Assignment: A word-for-word copy of the lines below, starting at the line with "plant & equipment" and ending at the last one, is what you should give. Omit every picture.

Record set:

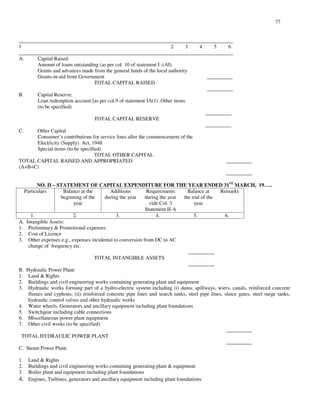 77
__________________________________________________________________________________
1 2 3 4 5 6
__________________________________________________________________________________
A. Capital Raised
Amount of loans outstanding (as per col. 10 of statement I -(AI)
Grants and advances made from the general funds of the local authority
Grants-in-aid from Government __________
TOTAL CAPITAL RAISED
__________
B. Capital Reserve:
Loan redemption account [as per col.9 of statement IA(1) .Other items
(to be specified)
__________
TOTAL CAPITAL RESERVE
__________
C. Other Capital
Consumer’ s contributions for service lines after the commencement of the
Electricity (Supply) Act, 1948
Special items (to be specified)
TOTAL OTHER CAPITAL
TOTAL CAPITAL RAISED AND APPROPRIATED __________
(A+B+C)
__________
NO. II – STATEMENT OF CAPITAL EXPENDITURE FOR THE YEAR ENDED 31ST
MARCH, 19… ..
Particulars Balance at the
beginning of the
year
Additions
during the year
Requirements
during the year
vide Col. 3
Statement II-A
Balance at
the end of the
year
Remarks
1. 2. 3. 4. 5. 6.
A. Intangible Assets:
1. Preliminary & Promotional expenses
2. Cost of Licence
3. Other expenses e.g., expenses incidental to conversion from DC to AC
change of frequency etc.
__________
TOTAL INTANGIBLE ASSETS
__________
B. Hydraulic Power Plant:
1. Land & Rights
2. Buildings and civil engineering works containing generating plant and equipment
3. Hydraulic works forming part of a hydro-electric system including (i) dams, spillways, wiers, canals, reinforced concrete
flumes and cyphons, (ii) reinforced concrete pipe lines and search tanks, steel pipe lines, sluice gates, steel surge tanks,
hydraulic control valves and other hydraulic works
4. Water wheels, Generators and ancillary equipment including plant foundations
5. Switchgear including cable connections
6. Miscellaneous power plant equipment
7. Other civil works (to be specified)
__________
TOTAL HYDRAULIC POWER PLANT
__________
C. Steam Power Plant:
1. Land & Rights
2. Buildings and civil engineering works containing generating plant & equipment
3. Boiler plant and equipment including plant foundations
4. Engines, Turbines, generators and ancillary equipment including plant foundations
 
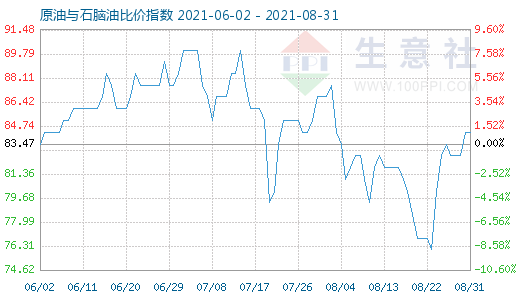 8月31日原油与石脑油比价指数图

Answer to the exercise:
2. Buildings and civil engineering works containing generating plant & equipment
3. Boiler plant and equipment including plant foundations
4. Engines, Turbines, generators and ancillary equipment including plant foundations
 
 8月31日原油与石脑油比价指数图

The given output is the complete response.